Information provided:
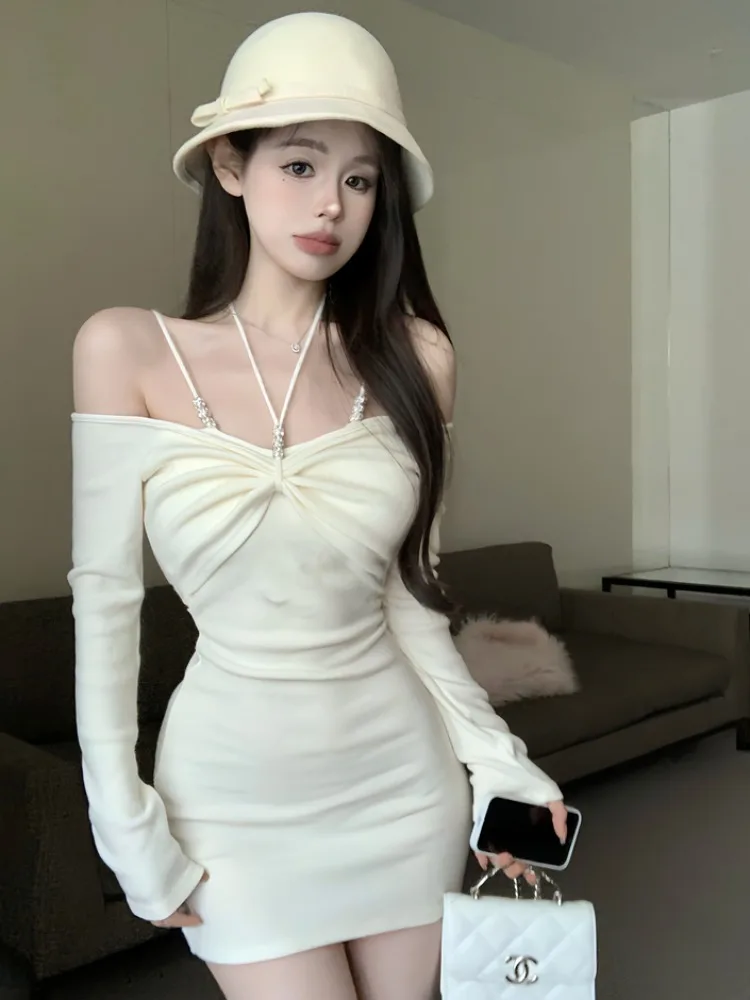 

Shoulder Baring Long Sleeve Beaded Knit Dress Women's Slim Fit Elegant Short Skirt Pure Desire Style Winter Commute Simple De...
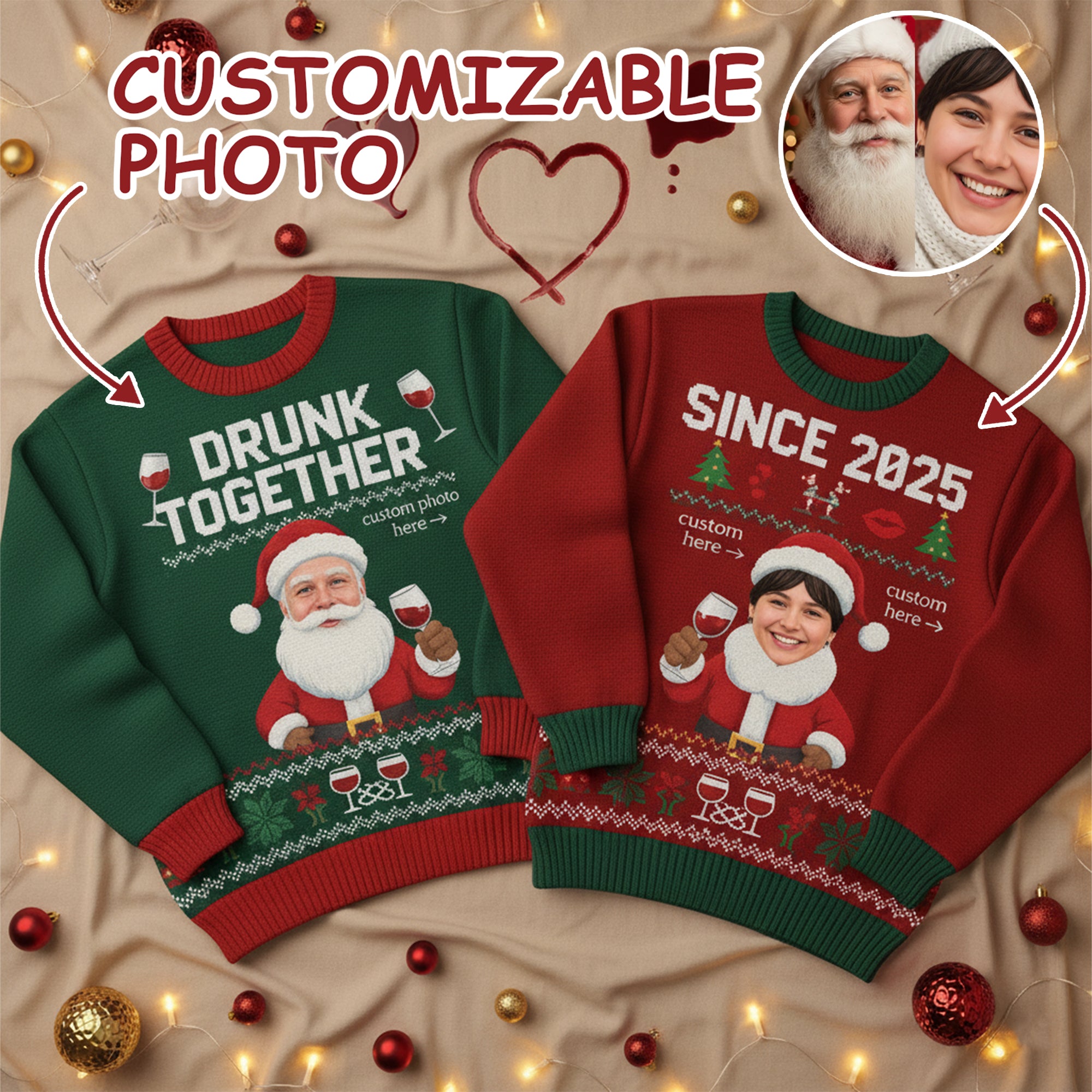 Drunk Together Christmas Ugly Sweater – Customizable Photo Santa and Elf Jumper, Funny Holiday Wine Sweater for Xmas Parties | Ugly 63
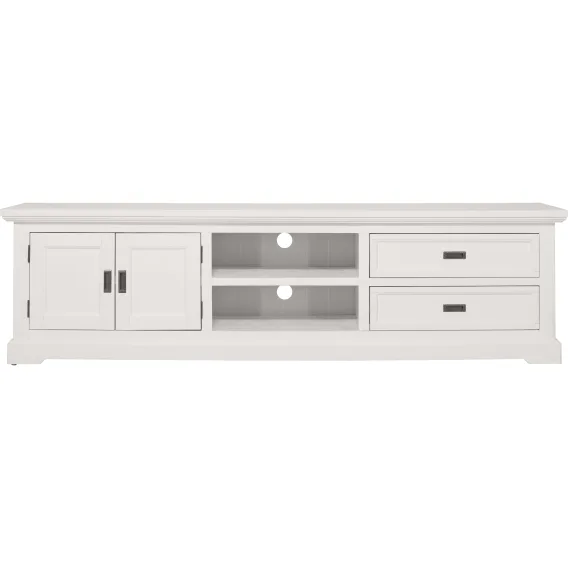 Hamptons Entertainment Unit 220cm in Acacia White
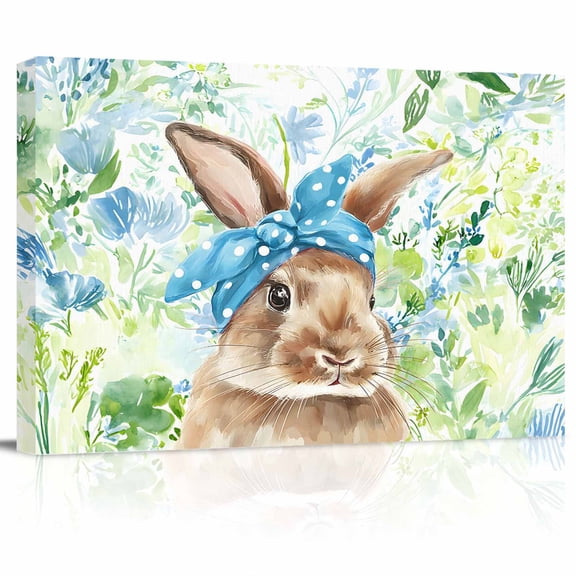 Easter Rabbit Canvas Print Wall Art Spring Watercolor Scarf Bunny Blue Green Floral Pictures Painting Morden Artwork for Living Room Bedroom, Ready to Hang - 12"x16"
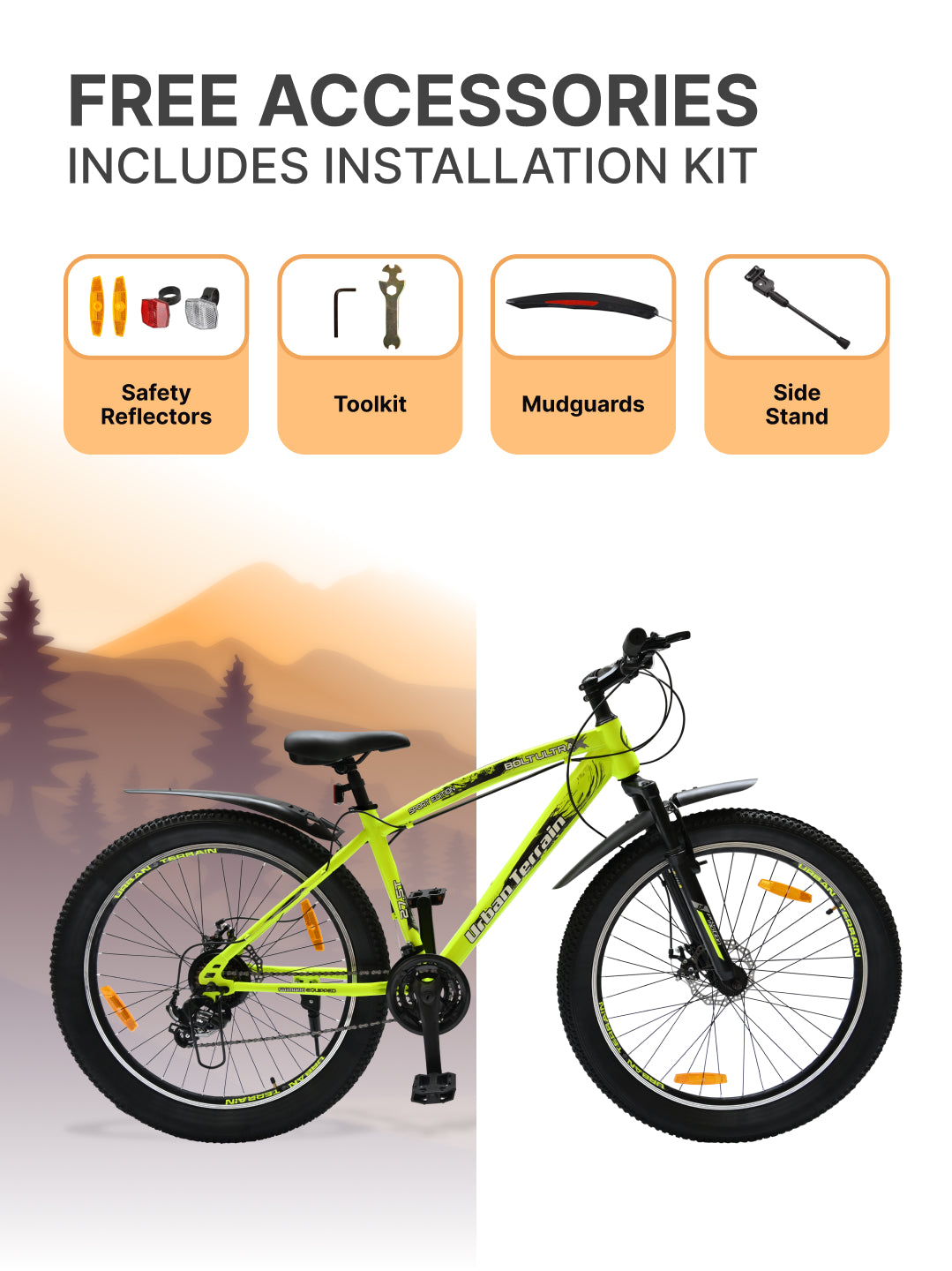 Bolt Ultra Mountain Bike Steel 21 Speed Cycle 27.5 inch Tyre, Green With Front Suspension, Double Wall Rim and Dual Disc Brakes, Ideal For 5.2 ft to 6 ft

Aim of the exercise: Write out, word for word, the lines running from the one containing "Hamptons Entertainment Unit" to the end of the data above; the pictures are to be left out.

Written reply:
 Hamptons Entertainment Unit 220cm in Acacia White
 Easter Rabbit Canvas Print Wall Art Spring Watercolor Scarf Bunny Blue Green Floral Pictures Painting Morden Artwork for Living Room Bedroom, Ready to Hang - 12"x16"
 Bolt Ultra Mountain Bike Steel 21 Speed Cycle 27.5 inch Tyre, Green With Front Suspension, Double Wall Rim and Dual Disc Brakes, Ideal For 5.2 ft to 6 ft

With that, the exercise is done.